Task data ▸
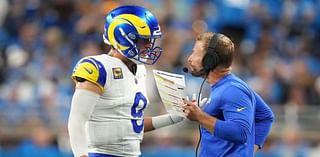 Sean McVay Hails Matthew Stafford as 'Such a F--king Stud!' After Rams' Win vs. 49ers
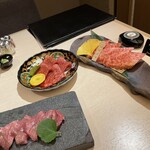 牛刺しと焼肉 仔虎 - 良いお肉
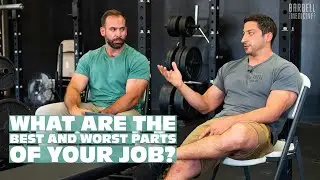 What are the BEST and WORST parts of your job?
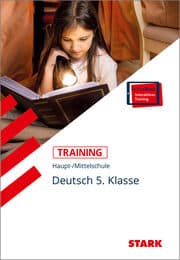 Cover von STARK Deutsch 5. Klasse - Training Haupt-/Mittelschule - Grundwissen, Aufgaben und Lösungen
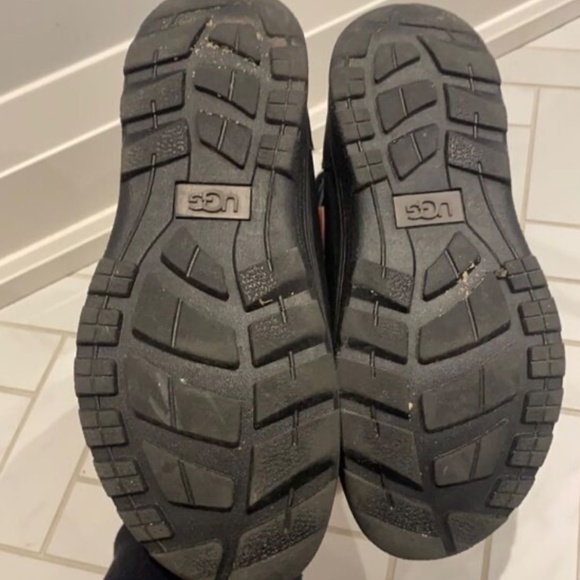 UGG Butte II CWR - Black kids boots - Picture 8 of 12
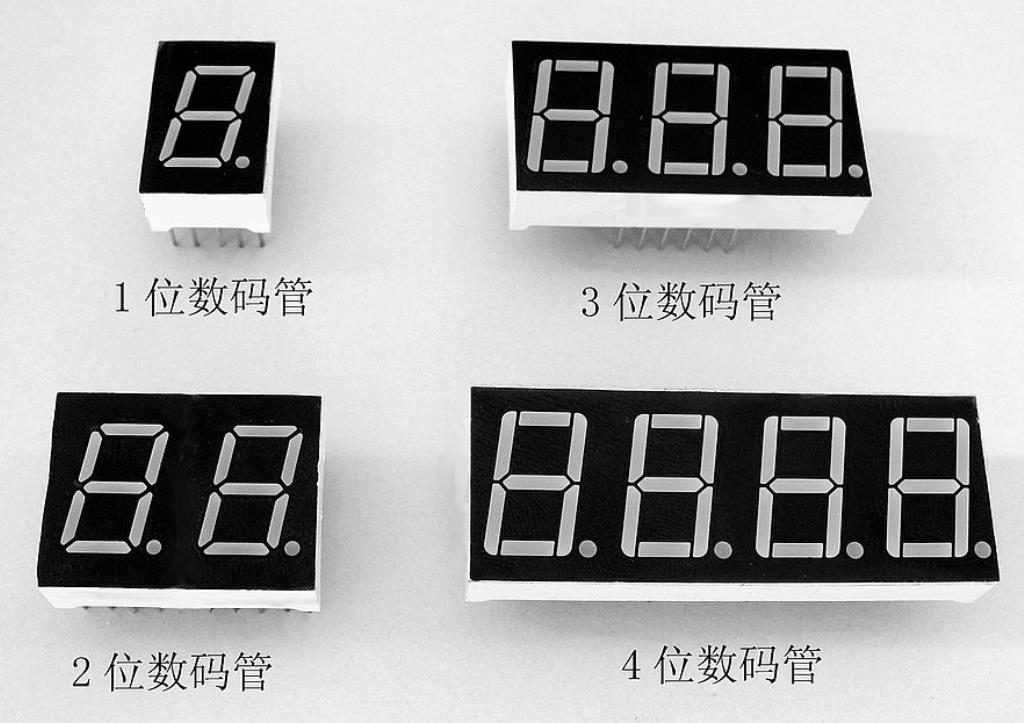 标准LED数码管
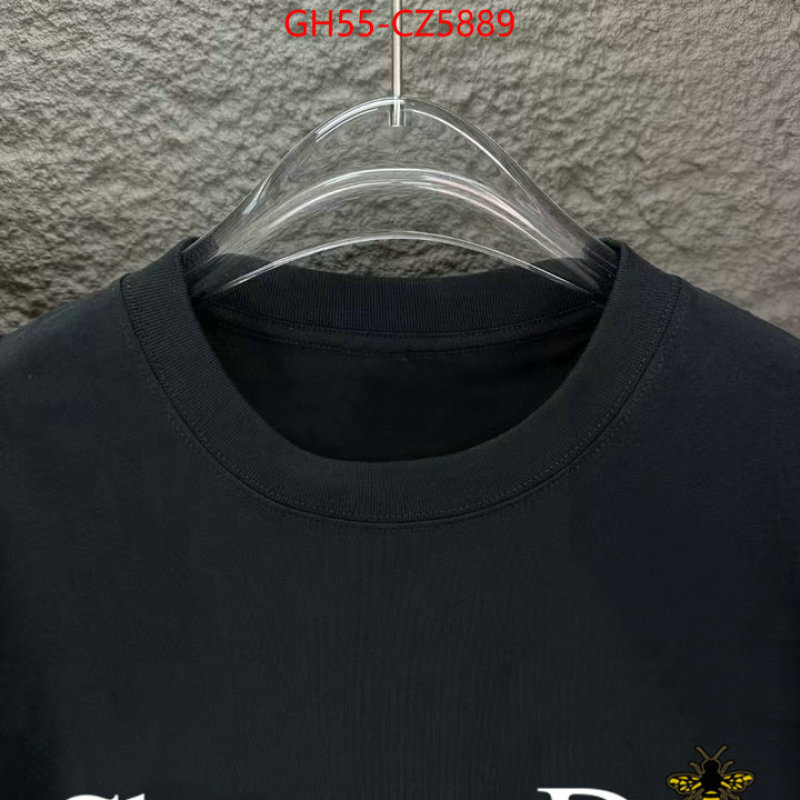 Clothing-Dior replica every designer ID: CZ5889 $: 55USD
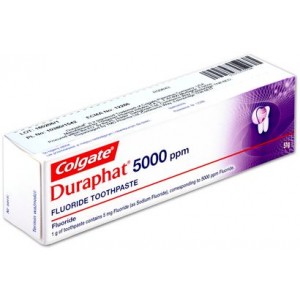 Colgate Duraphat 5000ppm fluoride toothpaste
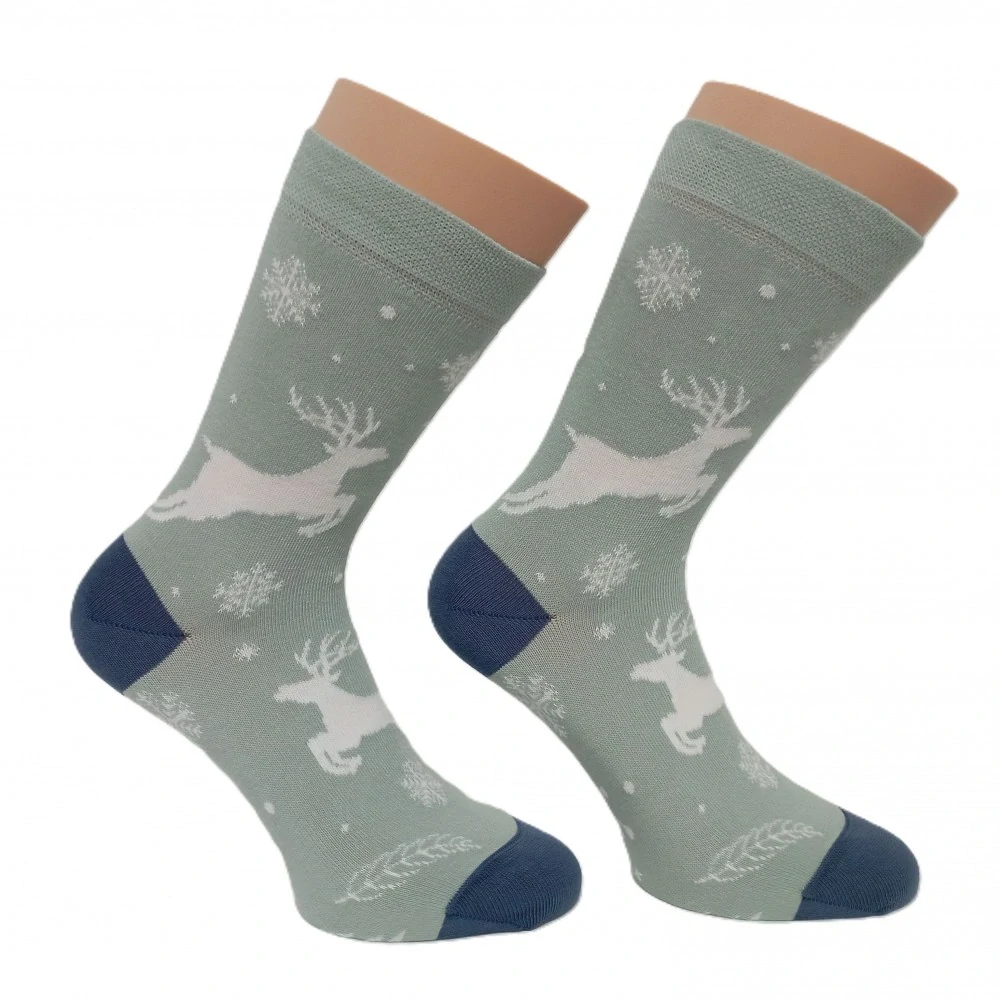 Dámské a pánské vánoční ponožky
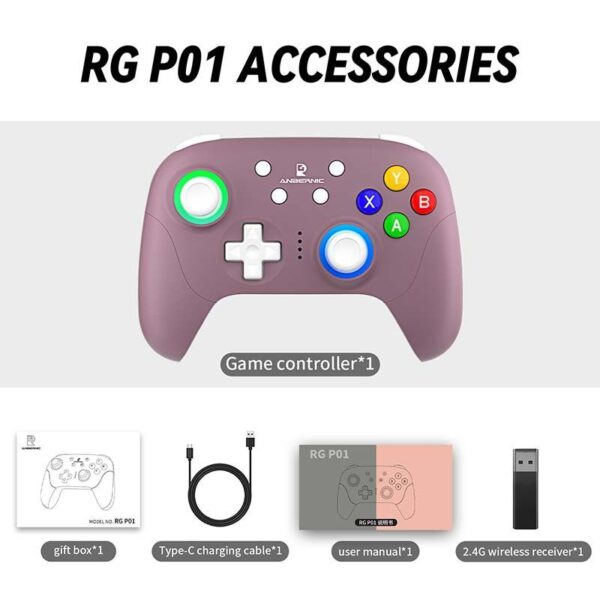 RG P01 Retro Games Controller - Image 7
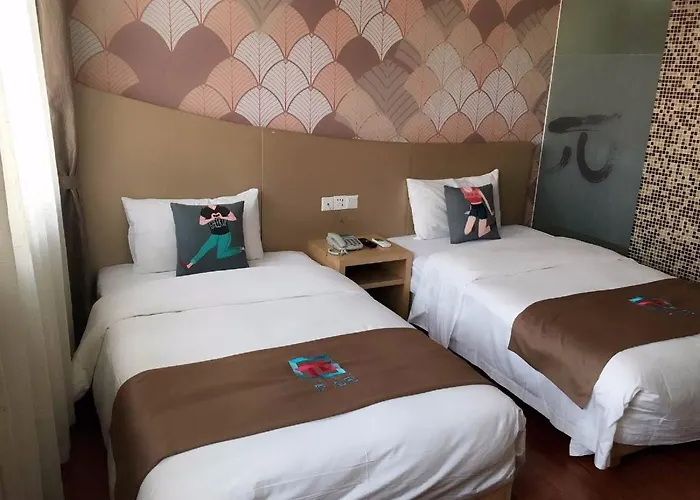 Pai Hotel Suining North Xishan Road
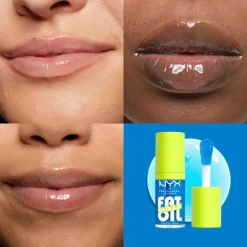 NYX Professional Makeup Fat Oil Chillz Lip Drip Huuliöljy 4,8 ml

What you will do ▸ Would you copy every entry exactly as it stands, leaving out the pictures?

Task answer ▸
 Sean McVay Hails Matthew Stafford as 'Such a F--king Stud!' After Rams' Win vs. 49ers
 牛刺しと焼肉 仔虎 - 良いお肉
 What are the BEST and WORST parts of your job?
 Cover von STARK Deutsch 5. Klasse - Training Haupt-/Mittelschule - Grundwissen, Aufgaben und Lösungen
 UGG Butte II CWR - Black kids boots - Picture 8 of 12
 标准LED数码管
 Clothing-Dior replica every designer ID: CZ5889 $: 55USD
 Colgate Duraphat 5000ppm fluoride toothpaste
 Dámské a pánské vánoční ponožky
 RG P01 Retro Games Controller - Image 7
 Pai Hotel Suining North Xishan Road
 NYX Professional Makeup Fat Oil Chillz Lip Drip Huuliöljy 4,8 ml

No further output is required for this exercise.